I know I'm a bit of an MS fanboy at times, but please, am I missing something here? Microsoft, with permission of users, exploits clickstream data gathered by observing user behaviour. One use for this data is to improve Bing queries. Google equips twenty of its engineers with laptops and installs the widgets required to provide Microsoft with clickstream data. It then gets their engineers to repeatedly (I assume) type in 'synthetic' queries which bring back 'doctored' hits. It asks its engineers to then click these results (think about this!). So, the behaviour of the engineers is observed and the resulting clickstream data goes off to Microsoft. It is processed and 'improves' Bing results accordingly.
What exactly did Microsoft do wrong here?

Google's so-called 'Bing sting' is clearly a very effective attack from a propaganda perspective, but is poor practice from a company that claims to do no evil. Generating and sending clickstream data deliberately so that you can then subsequently claim that your competitor 'copied' that data from you is neither fair nor reasonable, and suggests to me a degree of desperation in the face of real competition.   Monopolies are undesirable, whether they are Microsoft monopolies or Google monopolies.    Personally, I'm glad Microsoft has technology in place to observe user behaviour (with permission, of course) and improve their search results using such data. I can only assume Google doesn't implement similar capabilities. Sounds to me as if, at least in this respect, Microsoft may offer the better technology.

[UPDATE]...and here a few links that support a similar perspective or at least offer an even-handed appraisal.  For the most part, they are clearly written by people better informed than me.  Incidently, I hadn't read any of these links before posting - any similarity really is coincidental.  I wasn't copying stuff from Google searches :-)

posted on Friday, February 4, 2011 7:26 PM


# re: The Bing Sting - an alternative opinion 2/4/2011 9:58 PM Nick Harrison
I don't know about it necessarily being a problem with copying data, but the problem that I have with it is that they did not "improve" the data. They did not process it, they did not filter it. They did nothing but copy it unchecked.

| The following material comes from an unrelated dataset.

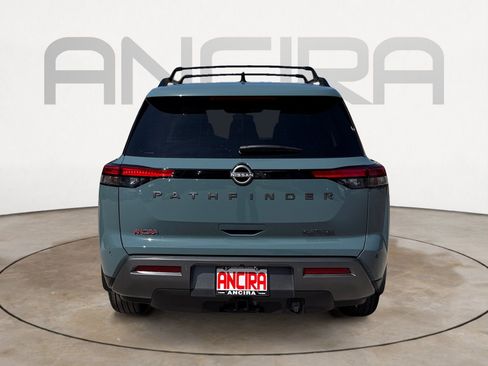 New 2026 Nissan Pathfinder Platinum image 9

Use the so called "click stream" data, but look at it before you blindly incorporate it into your results.

Google used this to show that Bing copied their bogus data. What's to stop a clever hacker from doing something similar to distort page rankings.

Don't trust a data source without validation regardless of who the source is

# re: The Bing Sting - an alternative opinion 2/4/2011 10:56 PM Brian
You are absolutely 100% correct - you're a Microsoft fan boy and not thinking clearly about this issue.

The Bing '1 in a 1000' filter explicitly looks for Google specific queries as part of the click stream. Think about that for a moment, the Bing algorithm contains code that will *only* works when a user goes to the site and makes a search POST and then hits the 'result' link - all parsed by Bing under the 'observing user behavior' banner.

Bing's weighting is changed off of the back of the Google algorithm. If Google didn't exist (or find a result) then the Bing algorithm would be poorer. That honestly sounds fine to you? Would't the easiest thing in the world for the Bing team to just deny this (they've been very careful never to do that).

Also, go install IE8 and click the 'Yes please, suggested sites sound fine'. Now go ask your mother if she knows she just agreed to the above behavior. 'User streams' - fine, all toolbars (and browsers, I guess) can do that but 'competitor specific code stream', well, that at least sounds more ambiguously moral to me.

Anyway, not sure why I'm commenting here, as this is really a religious debate where normally intelligent people are now drolling for their 'team's side'. I'm saddened by people's obvious partisan reactions and expected better.

# re: The Bing Sting - an alternative opinion 2/4/2011 11:53 PM Charles Young
@Brian. I agree re. 'religious debate' and hope I'm not simply adopting the position of a fan boy - hey I use Google all the time. This issue is causing such a fuss, and I want to offer a different perspective because I really do think Google are taking cheap shots at a competitor. They should (and I suspect do) know better. Clickstream analysis is a fact of internet use and I don't see that Microsoft is adopting fundamentally different practice to other companies (including Google) in using it. Nor do I see that clickstream analysis is a big problem provided that all data is anonymised and aggregated, and that users are given the chance, at the very least, to opt out (I prefer opting in).

So, we are left with the fact that, as you correctly point out, Microsoft must presumably be detecting a complex event that consists of a Google search and a subsequent click on a result. They are probably doing the same with searches against other providers. My point is that Microsoft is doing nothing more than what they state - observing user behaviour (in this case search behaviour) and using these events to improve their search results.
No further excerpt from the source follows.